Lab data are provided by BWB in a single EXCEL spreadsheet. However, its structure
often changes in case it is updated by BWB, making an automated importing using
R impossible without adapting the import functions. Thus lab data were not
integrated in the R tool for this site.
```{block2 type="rmdwarning"}
The high temporal high resolution (~ seconds) of the operational data for both
Berlin pilot plants resulted in large data amounts (~ 10 million data points
per month), which required an large effort to optimise the performance of the
R reporting tool in oorder to enable the visualisation of the pilot plant`s raw
data for its test operation period (~ 18 months) on computers with limited RAM
ressources (~ 8-12 GB).
```
The R tool is used by KWB (for the sites [Berlin-Schönerlinde](http://aquanes-h2020.eu/Default.aspx?t=1666)
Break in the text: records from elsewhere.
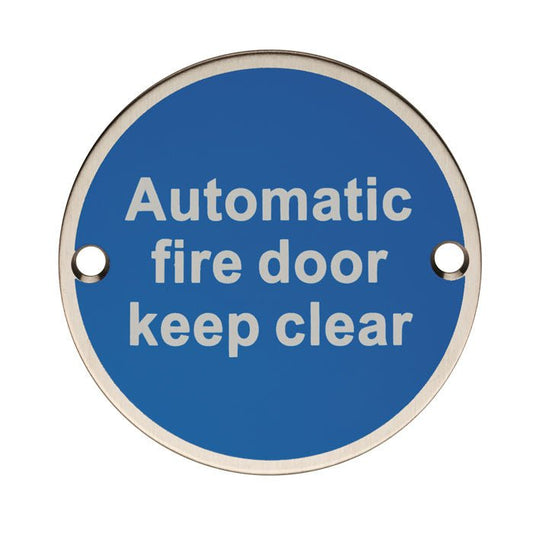 Carlisle Brass Automatic Fire Door - Keep Clear sign in a circular shape, featuring a blue background with white text, made from durable material with two mounting holes.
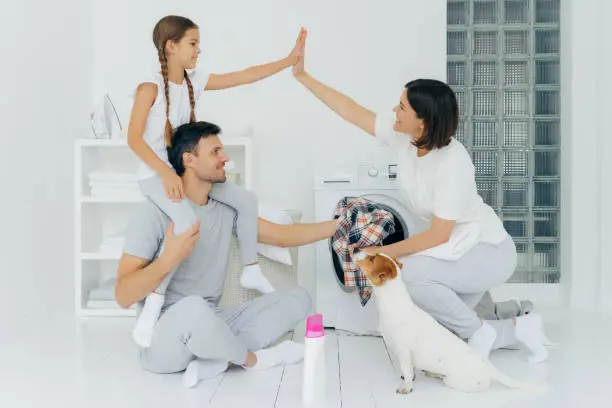 Photo of Well done! Daughter and mother make high five, rejoice almost finishing domestic work, girl rides on dads shoulders, wash clothing in laundry room with white walls. Jack russell terrier looks at host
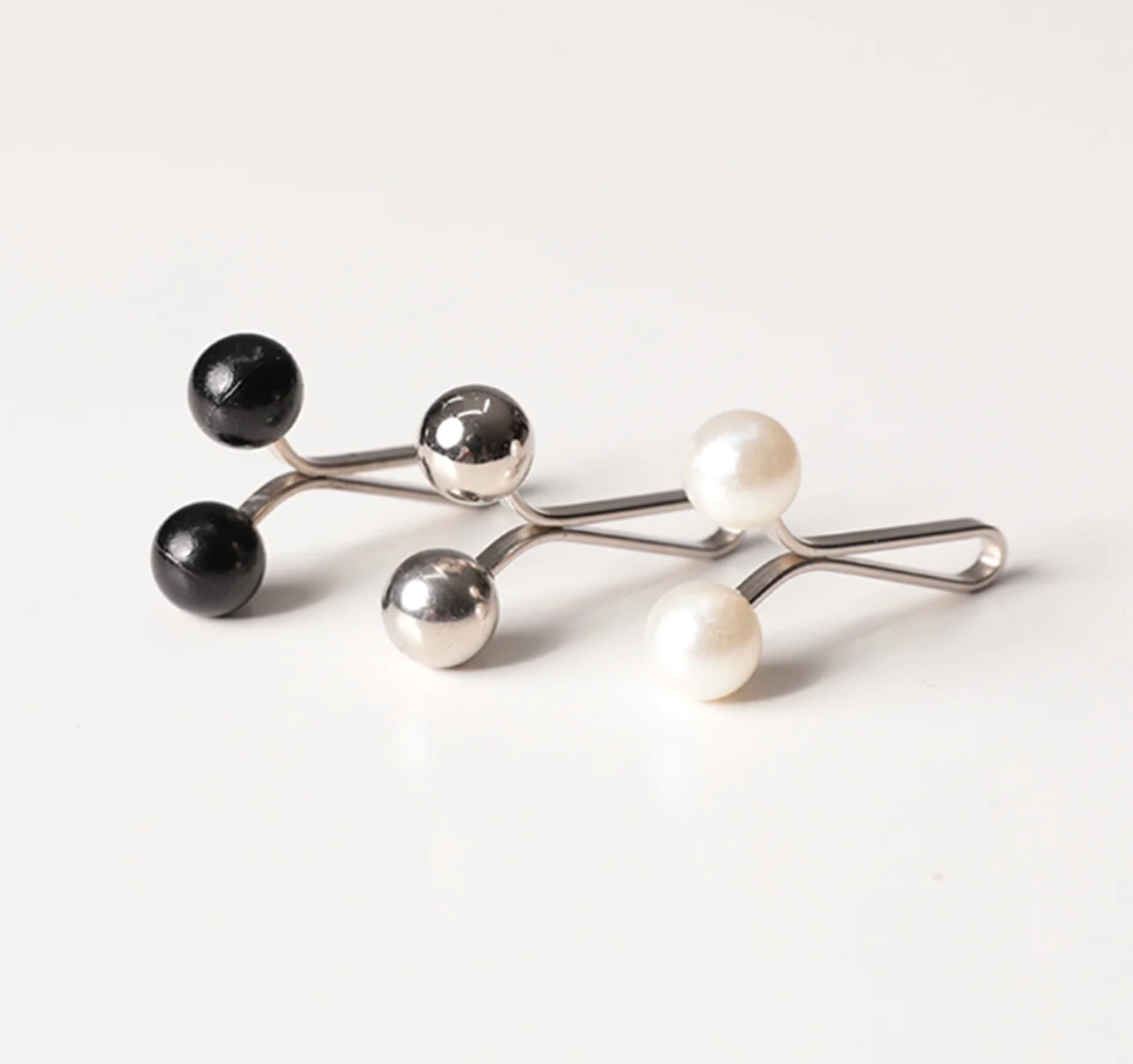 خرید بهترین گیره روسری مجلسی طرح گل مشکی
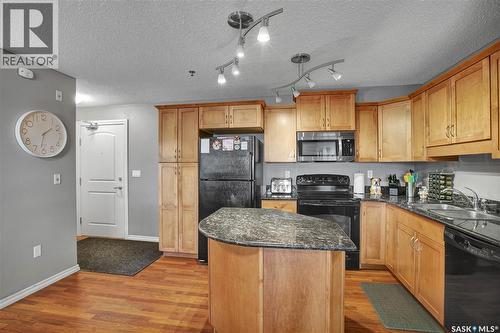 B207 103 Wellman Crescent, Saskatoon, SK - Indoor Photo Showing Kitchen With Double Sink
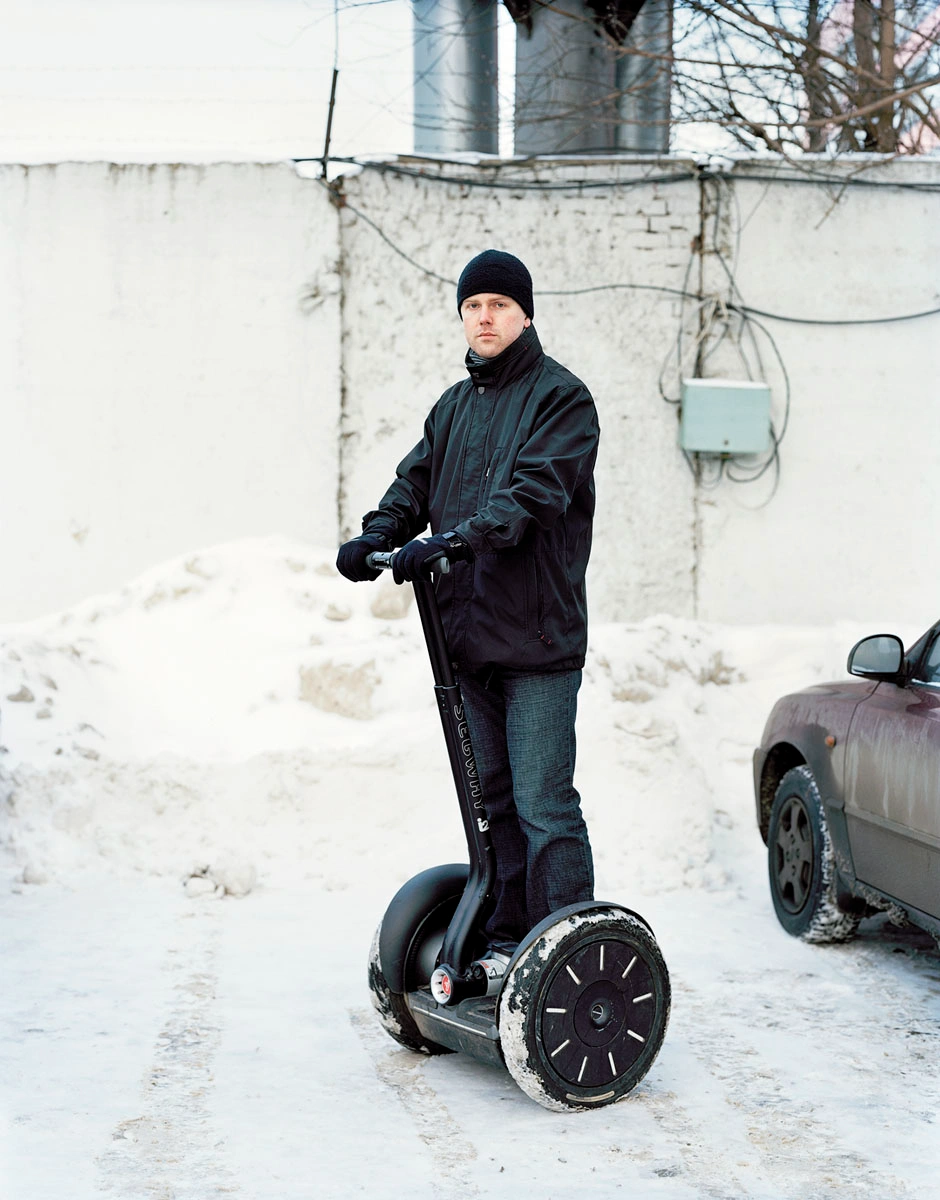 The Prospect of Immortality by Murray Ballard — A man stands centered on a Segway in a snow-covered industrial courtyard, wearing a black insulated jacket and knit beanie.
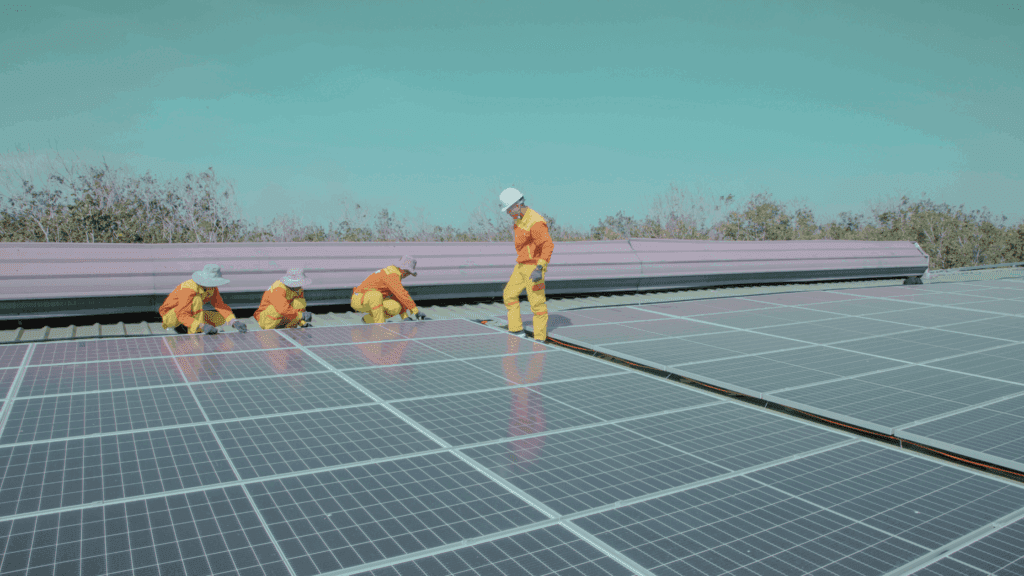 Workers installing solar panels on a large utility-scale project site, symbolising the rapid growth of U.S. solar capacity and demand for renewable energy talent in 2025.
and [Berlin-Tiefwerder](http://aquanes-h2020.eu/Default.aspx?t=1576)) regulary
for assessing the pilot plants` operational performance interactively. In addition
for an advanced assessment only the data importing and aggregation routines and
combined with R scripts developed by KWB students.
For the other two pilot plant sites [Haridwar](http://aquanes-h2020.eu/Default.aspx?t=1668)
and [Basel Lange-Erlen](http://aquanes-h2020.eu/Default.aspx?t=1663) the AQUANES
project partners use the automated R reporting tool in a similar way.